Retour à l’enfer pour les femmes
La célèbre transition démocratique de 1989 en Pologne fut accompagnée de l’appropriation systématique du pouvoir par l’Église catholique grâce à son alliance avec la droite conservatrice. L’Église catholique présenta une lourde facture pour son rôle indéniable dans la chute du dit régime communiste. Le veto de l’Épiscopat polonais exclut de la nouvelle Constitution les principes de séparation de l’Église et de l’État, de laïcité ou de neutralité.
Les Polonaises ont payé ce changement de leur santé et de leur vie Les droits reproductifs et sexuels des femmes sont devenus le butin de guerre de l’Église et de son associée – la droite. Une loi anti-avortement très restrictive (uniquement dans le cas de danger grave pour la santé et la vie de la femme, malformations graves du fœtus et si la grossesse est le résultat d’un acte criminel) fut votée en 1993, contrairement à l’avis de l’opinion publique et en violation des principes fondamentaux de la démocratie. Une initiative de citoyens et citoyennes ayant rassemblé 1,5 million de signatures, demandant un référendum sur la question, a tout simplement été négligée. Mais la pratique montre qu’une fois l’IVG interdit, même les cas légaux d’avortement ne sont plus respectés, causant des souffrances inouïes aux femmes et aux enfants nés avec des malformations graves.

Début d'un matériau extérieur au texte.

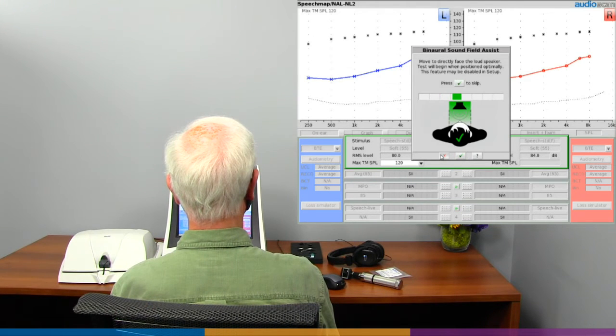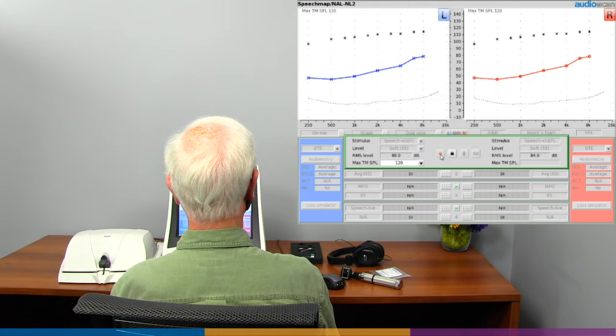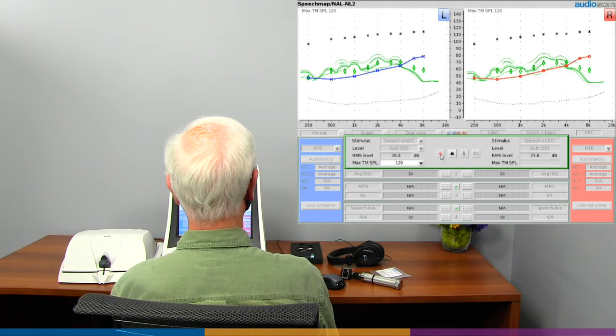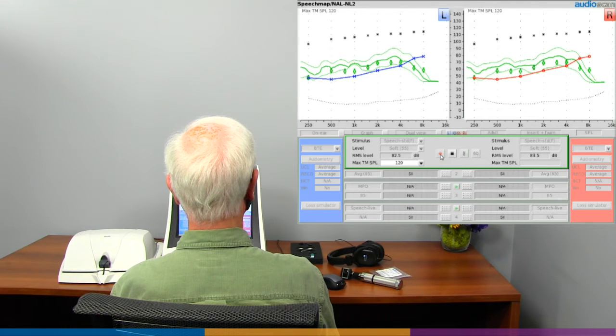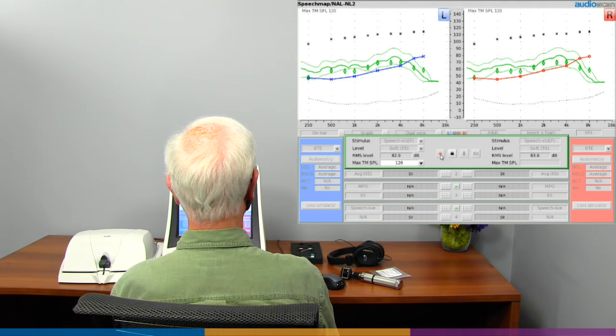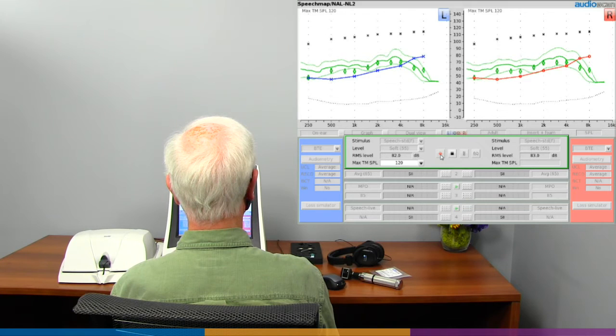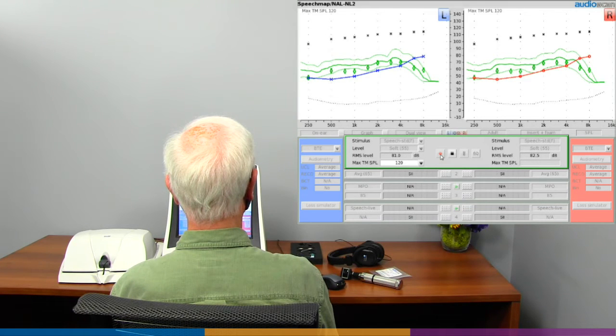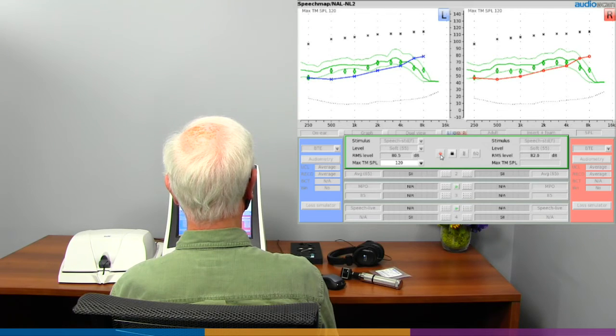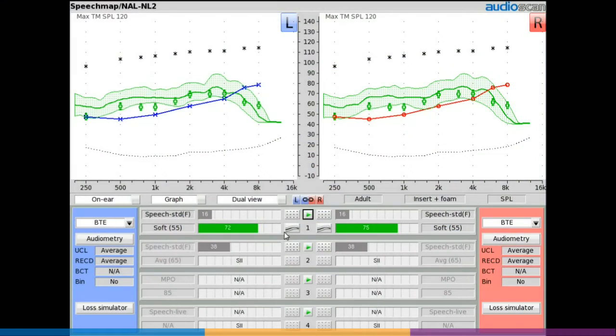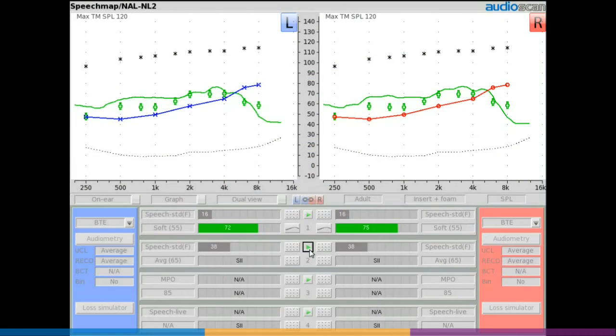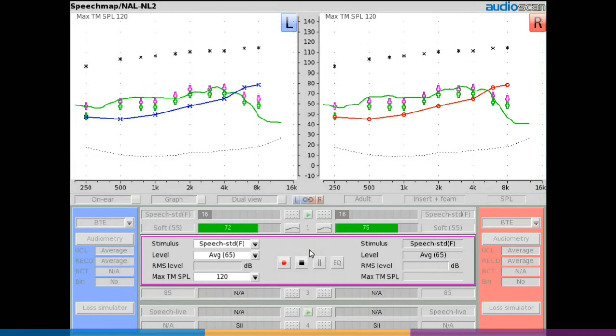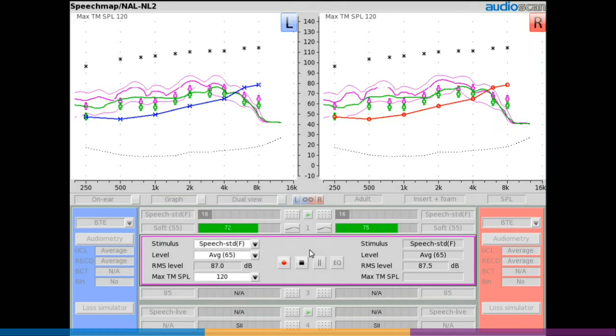Once the patient is optimally positioned, the tool display will turn green. After a one-second pause, the requested real ear measurement will complete automatically. If nothing changes in the sound field, subsequent testing of this patient will likely not require repositioning, and the sound field assist tool will not be shown.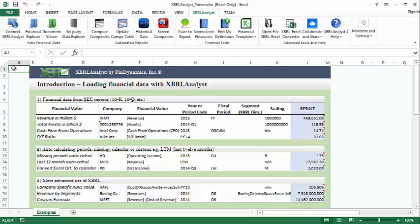Hello. In this video, we're going to look at the built-in functions that XBRL Analyst provides for pulling data into Excel.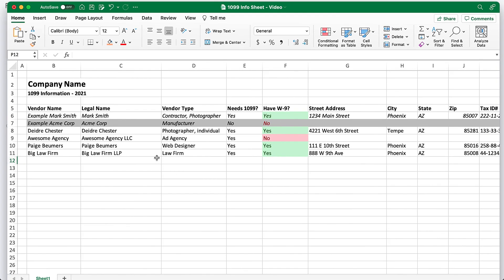If you have a question about whether a certain vendor should be sent a 1099 again I would recommend talking to your tax accountant. They should be able to help you sift through a vendor list and identify who needs to receive one.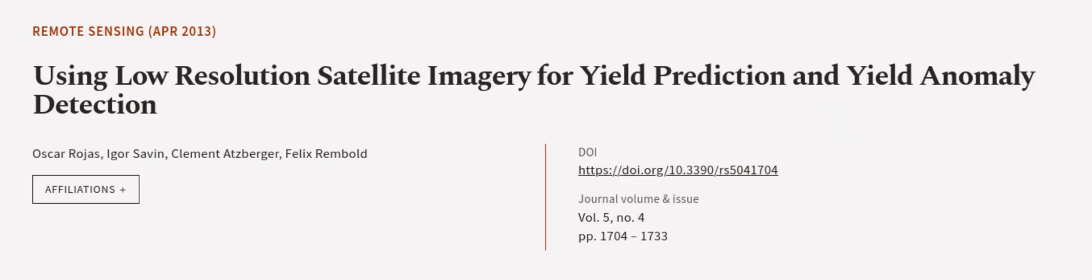This article was authored by Oscar Rojas, Igor Sivan, Clement Atzberger, and others. We are article.tv, links in the description below.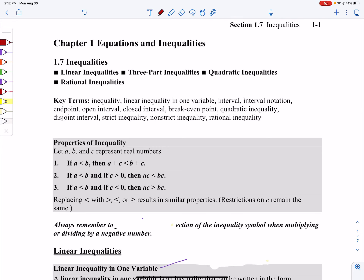Hey folks, this is a video on section 1.7. I'm actually going to take this section and split it into three separate videos. So hang on tight, we're going to cover a lot in this section. This whole section is going to be dealing with inequalities, several different types: linear, three-part, quadratic, rational.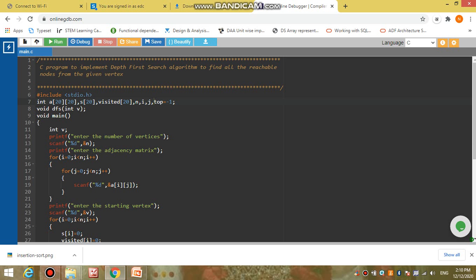Program execution always starts with the main function. In main, we define integer variable 'v' as the starting vertex. We print 'enter the number of vertices' and scan the total number of vertices into variable 'n'. To take the adjacency matrix from the user, we start a loop for i from 0 to less than n, and a second loop for j from 0 to less than n, scanning each entry into matrix 'a'. We then take the starting vertex from the user using scanf and store it in variable 'p'.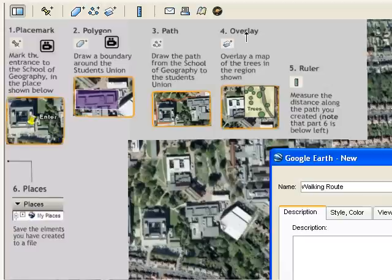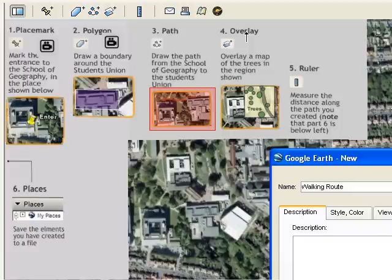Just as we did with the Polygon Tool, start clicking a point at a time. Using the screenshot, we can see we need to start by the entrance of the Geography building.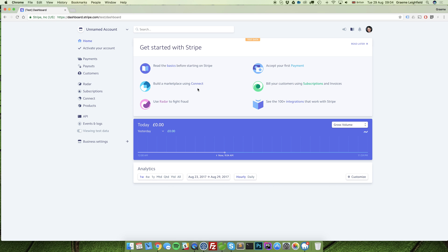What we now need to do is activate your actual Stripe account. To do this, click on the activate your account in the top left.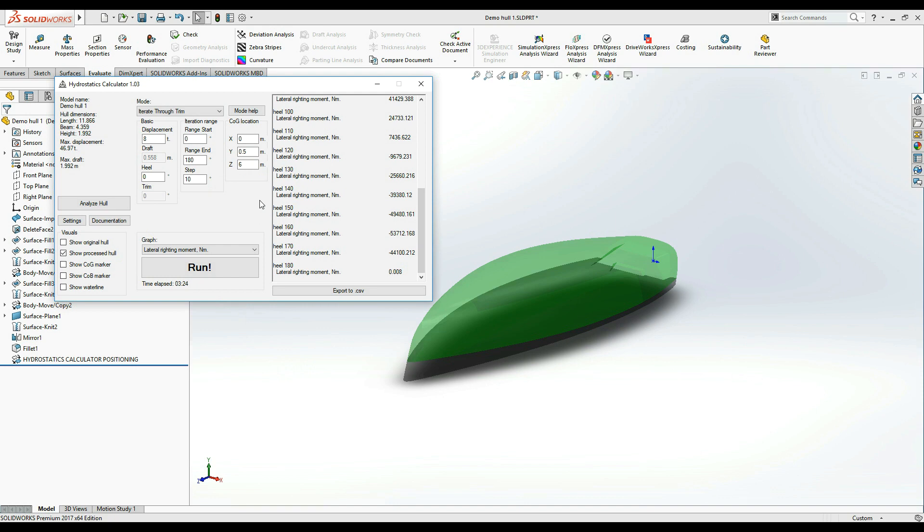This concludes the four iterative modes. In the next video, we'll be looking into the simulation mode, which is the most advanced and computationally demanding mode that the Hydrostatics Calculator currently features. Thanks for watching!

L’Église polonaise contre les fondations mêmes de la démocratie
On aurait pu croire que l’Église avait obtenu tout ce qu’elle voulait. Cependant, sous le gouvernement de la Plate-forme civique libérale, elle a encore lancé une guerre ouverte contre les femmes et contre les libertés démocratiques, y compris en incitant ouvertement la hiérarchie catholique à ne pas observer la loi de l’État, et en encourageant des groupes agressifs catholiques à l’emploi de la violence physique. Pour l’Église le “genre” est devenu une cause majeure du mal en Pologne : « Le genre détruit la Pologne, le genre détruit la famille, genre : STOP ». La Pologne « crucifiée » du Parlement aux crèches, des bureaux de poste jusqu’aux banques; les femmes privées de leurs droits fondamentaux de décider librement de leur corps et de leur sort, obligées de poursuivre leur grossesse malgré les malformations graves du fœtus et d’accoucher d’enfants non viables; l’école publique transformée en madrasa catholique où les élèves ont plus de cours de religion que de biologie; les chercheurs qui subissent des pressions pour restreindre la liberté de la recherche scientifique; les artistes à la parole bâillonnée; les médecins et les enseignants incités à reconnaître la suprématie de la loi divine sur celle de l’Etat, les avocats s’appuyant sur le droit canon, les prêtres qui sont au-dessus de la loi et les députés qui prient pour faire pleuvoir – telle était la situation en 2014, avant la prise du pouvoir par la droite populiste de Droit et Justice.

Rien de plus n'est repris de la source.